The Direct3D device can become lost due to a variety of events - screen savers kicking in, computers being locked, and machines going into standby will all cause device loss. On my laptop, it even occurs when I close and then reopen the lid. Our primary indication that the device is has become lost comes when we attempt to call Device.Present. (You’ll recall Device.Present from our earlier discussions.)
When we call Device.Present after the device has become lost for whatever reason, Direct3D will throw aDeviceLostException. What’s interesting here is that Direct3D actually does a lot of work behind the scenes to ensure that the other APIs do not throw this exception. They won’t do what they’re supposed to – after all, the device has been lost – but they won’t fail, either. This allows us to localize our logic for handing device loss, rather than having to worry that a DeviceLostException might be thrown any time we do anything with Direct3D.

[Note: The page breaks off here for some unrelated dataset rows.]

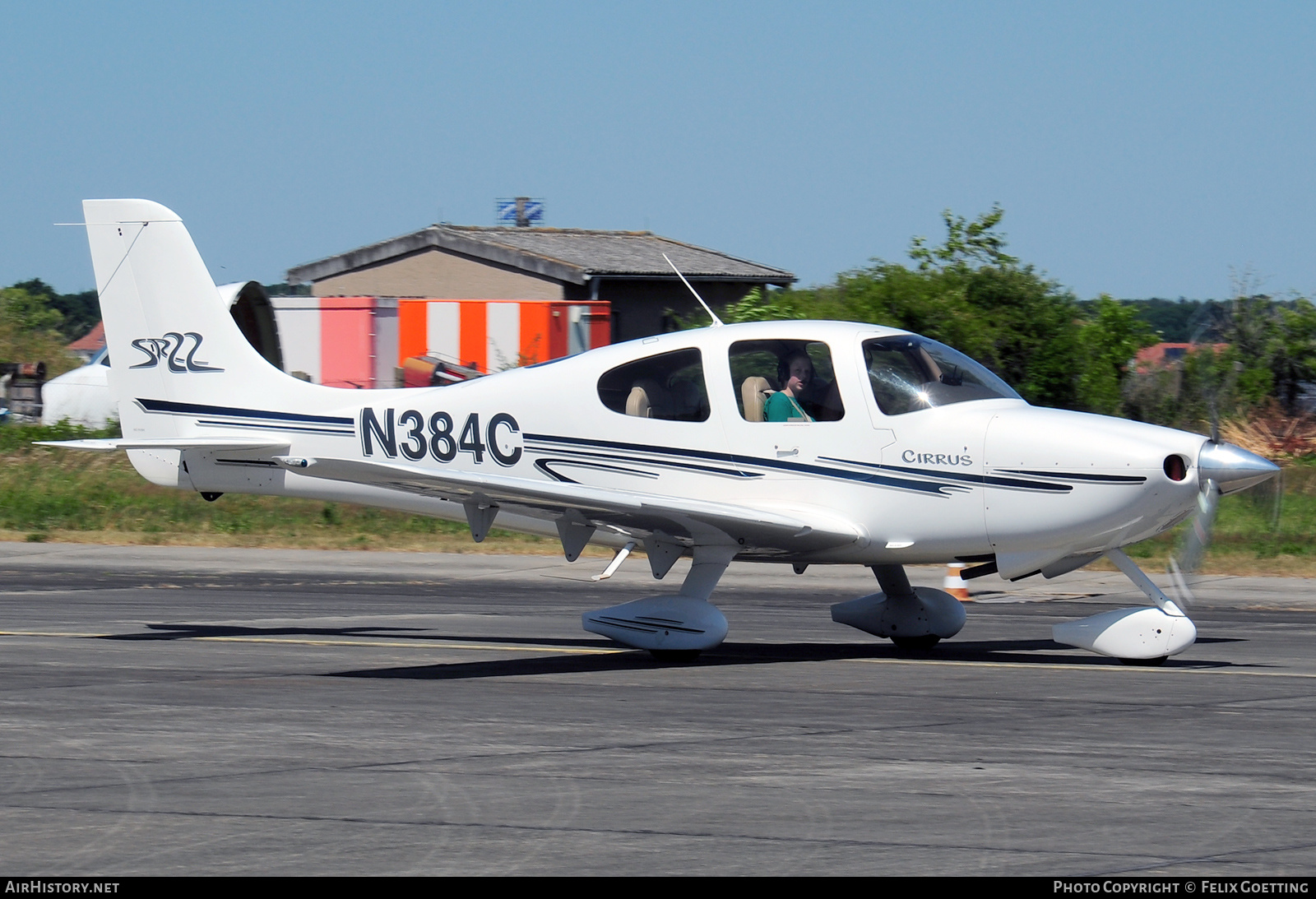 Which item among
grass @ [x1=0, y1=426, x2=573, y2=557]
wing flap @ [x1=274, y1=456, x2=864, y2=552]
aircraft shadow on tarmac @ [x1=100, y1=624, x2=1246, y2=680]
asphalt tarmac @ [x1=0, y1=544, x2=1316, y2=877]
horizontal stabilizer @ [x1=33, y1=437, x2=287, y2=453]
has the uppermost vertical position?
horizontal stabilizer @ [x1=33, y1=437, x2=287, y2=453]

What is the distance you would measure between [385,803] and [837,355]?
4.92 meters

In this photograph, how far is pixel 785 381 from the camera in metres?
10.3

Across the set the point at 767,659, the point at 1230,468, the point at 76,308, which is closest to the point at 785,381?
the point at 767,659

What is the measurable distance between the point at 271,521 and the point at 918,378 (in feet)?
45.5

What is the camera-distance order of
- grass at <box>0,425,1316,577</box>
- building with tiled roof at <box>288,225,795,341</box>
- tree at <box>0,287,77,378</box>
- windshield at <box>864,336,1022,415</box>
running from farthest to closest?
tree at <box>0,287,77,378</box>, building with tiled roof at <box>288,225,795,341</box>, grass at <box>0,425,1316,577</box>, windshield at <box>864,336,1022,415</box>

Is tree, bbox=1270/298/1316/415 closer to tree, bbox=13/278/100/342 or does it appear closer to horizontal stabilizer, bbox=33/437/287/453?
horizontal stabilizer, bbox=33/437/287/453

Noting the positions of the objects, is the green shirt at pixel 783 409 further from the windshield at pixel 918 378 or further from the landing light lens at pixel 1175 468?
the landing light lens at pixel 1175 468

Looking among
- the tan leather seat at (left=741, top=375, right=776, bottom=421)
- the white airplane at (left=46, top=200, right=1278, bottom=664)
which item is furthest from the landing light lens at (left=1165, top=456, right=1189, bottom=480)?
the tan leather seat at (left=741, top=375, right=776, bottom=421)

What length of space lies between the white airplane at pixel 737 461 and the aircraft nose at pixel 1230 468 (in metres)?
0.01

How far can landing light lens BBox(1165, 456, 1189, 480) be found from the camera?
9266 mm

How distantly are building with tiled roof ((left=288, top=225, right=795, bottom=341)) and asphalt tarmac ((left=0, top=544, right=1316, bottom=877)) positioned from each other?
19948 millimetres

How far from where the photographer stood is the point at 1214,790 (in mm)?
6375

What do we do when the device becomes lost? Well, probably nothing! You see, whatever caused the device loss is probably still going on – the screensaver is still running, the user hasn’t unlocked the screen yet, or whatever. So what we really need to do is record the fact that the device has become lost. We could put the following code at the end of our Render method:
try { // Copy the back buffer to the display device.Present(); } catch (DeviceLostException) { // Indicate that the device has been lost deviceLost = true; // Spew a message into the output window of the debugger Debug.WriteLine("Device was lost"); }
Pretty much all this does is set deviceLost to true when DeviceLostException is thrown. deviceLost is just a private boolean field that I defined on the class, like this:
// Has the device been lost and not reset? private bool deviceLost;
Notice that I added a call to Debug.WriteLine, too. This is handy, because if you build your app with the DEBUG symbol defined (this should happen automatically when you build a VS.NET application in debug configuration), you’ll get a message out in the Output tab of the debugger.
One other thing we might want to do in this catch block is to pause the game/simulation/application. Since we’re not going to be able to draw to the display for a little while, it might make sense to pause until the device is recovered. The user might not be too happy if a monster walks over and eats their character because they accidentally locked their workstation and didn’t unlock it quickly enough!
OK. We know that the device has been lost. Now we want to know when it’s okay to start drawing again, and what to do when it is. The API that tells us when we can go ahead and start drawing again is Device.TestCooperativeLevel. We can call this method at the beginning of our Render method, and it will continue to throw DeviceLostException until the device is no longer lost. Once it stops throwing this exception, the device is no longer lost, and we’re almost ready to go.
There’s a slight twist at this point. Because the device was being used by another application (or possibly Windows itself) while it was lost, we have no idea what state the hardware is in. In fact, there’s no guarantee that the VertexBuffers that we allocated are even still around – they may have been discarded in the interim.
Direct3D knows that things might not be set up the way that we need them, and therefore won’t let us start rendering again until we reset the device. As it turns out, resetting the device is almost indistinguishable from setting it up the first time: we have to set the appropriate render states, set up the world, projection, and view matrices, re-create any vertex buffers that we want to use, etc. etc.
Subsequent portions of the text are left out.